Tournament: Franklin Templeton Shootout – Tiburón Golf Club (Gold Course), Naples, FL
Hole: 9th – Par 4, 446 Yards
Architect(s): Greg Norman – 2001
Fully surrounded by water, the 9th hole at Tiburón Golf Club is a long par 4 presenting a test in accuracy. Competitors will look to aim toward the right side of fairway on the hole, which plays 446 yards from the back tee, in order to avoid approach shots over water. Any misses from the tee will be punished as the gently contoured fairway transitions to dense native grass along the water’s edge and features an elongated bunker spanning from 220 to 275 yards off the tee. The best angle of approach will be found from the right side of the fairway, where players will be left with a wedge or short iron into a slighted elevated green. Three sod-faced bunkers guard the front and left of the medium-sized green, leaving the right-center of the green as the safe target zone. The putting surface slopes from left to right and falls away on three sides with a small ridge on the back-left portion of the green.

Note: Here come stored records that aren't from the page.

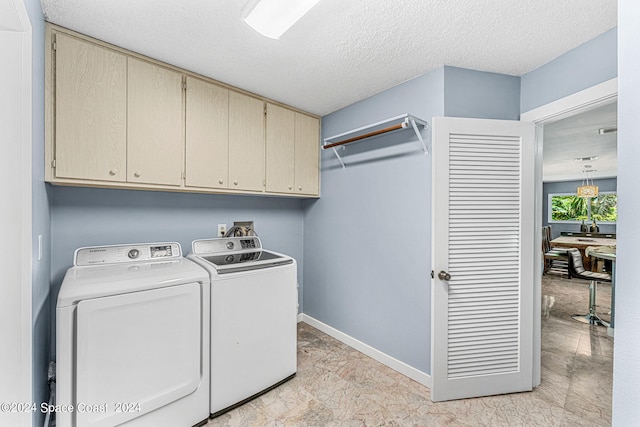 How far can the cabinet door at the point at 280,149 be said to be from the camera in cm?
262

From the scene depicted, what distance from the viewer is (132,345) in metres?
1.47

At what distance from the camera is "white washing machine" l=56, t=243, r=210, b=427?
1344 mm

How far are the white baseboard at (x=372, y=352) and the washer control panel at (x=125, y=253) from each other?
67.6 inches

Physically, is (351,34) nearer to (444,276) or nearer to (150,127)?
(150,127)

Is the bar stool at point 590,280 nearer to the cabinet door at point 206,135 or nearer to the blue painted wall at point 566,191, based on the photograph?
the blue painted wall at point 566,191

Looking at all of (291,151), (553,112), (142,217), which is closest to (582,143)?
(553,112)

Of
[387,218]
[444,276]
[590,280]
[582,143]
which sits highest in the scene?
[582,143]

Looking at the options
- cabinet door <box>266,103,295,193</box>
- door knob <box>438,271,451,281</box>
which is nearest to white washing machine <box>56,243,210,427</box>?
cabinet door <box>266,103,295,193</box>

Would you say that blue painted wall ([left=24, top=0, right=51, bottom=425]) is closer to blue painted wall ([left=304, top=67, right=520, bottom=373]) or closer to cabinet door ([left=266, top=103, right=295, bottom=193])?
cabinet door ([left=266, top=103, right=295, bottom=193])

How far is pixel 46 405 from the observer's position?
1.44m

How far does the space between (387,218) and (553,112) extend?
135 cm

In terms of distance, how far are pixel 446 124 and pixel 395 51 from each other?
0.60 meters

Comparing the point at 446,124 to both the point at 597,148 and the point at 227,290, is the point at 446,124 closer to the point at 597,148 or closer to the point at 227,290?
the point at 227,290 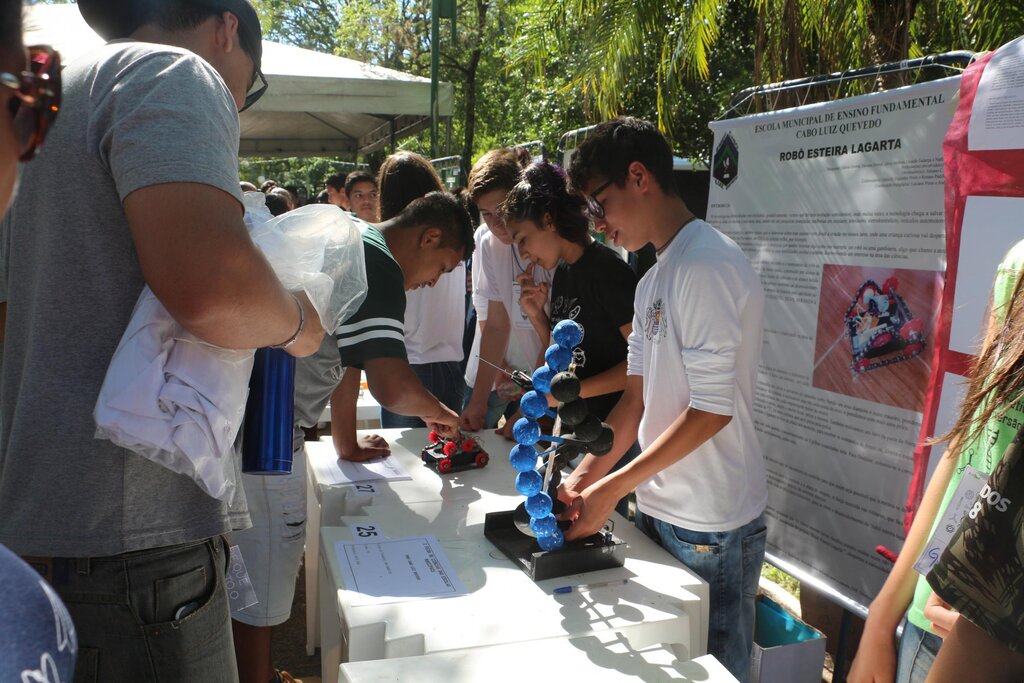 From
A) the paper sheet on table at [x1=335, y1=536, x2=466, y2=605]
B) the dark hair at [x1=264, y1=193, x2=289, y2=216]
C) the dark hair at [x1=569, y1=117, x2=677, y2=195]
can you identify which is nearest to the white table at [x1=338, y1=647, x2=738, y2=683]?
the paper sheet on table at [x1=335, y1=536, x2=466, y2=605]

Members and resort guests play the 9th hole as the 5th handicap hole for stroke play events. The 9th will play as one of the longer par 4s during the tournament and, as such, we anticipate it will play as one of the more difficult par 4s, but predict it will still play several tenths under par given the team format.
- Tiburón Golf Club is also home to the LPGA’s final tournament of the season, the CME Group Tour Championship.
- Five players have managed to win the Franklin Templeton Shootout three times. The latest was Kenny Perry (’12, ’08, ’05), who joined the likes of Steve Elkington (’93, ’95, ’98), Fred Couples (’90, ’94, ’99), Brad Faxon (’94, ’00, ’01) and Scott McCarron (’97, ’00, ’01).
- The Gold Course at Tiburón was recently certified by Audubon International as an Audubon Cooperative Sanctuary. Only 90 acres of the 230 acres of golf course envelope are maintained with irrigated turf.
- Cameron Tringale, 2014 Shootout champion, became the 11th player to win the event in his first appearance.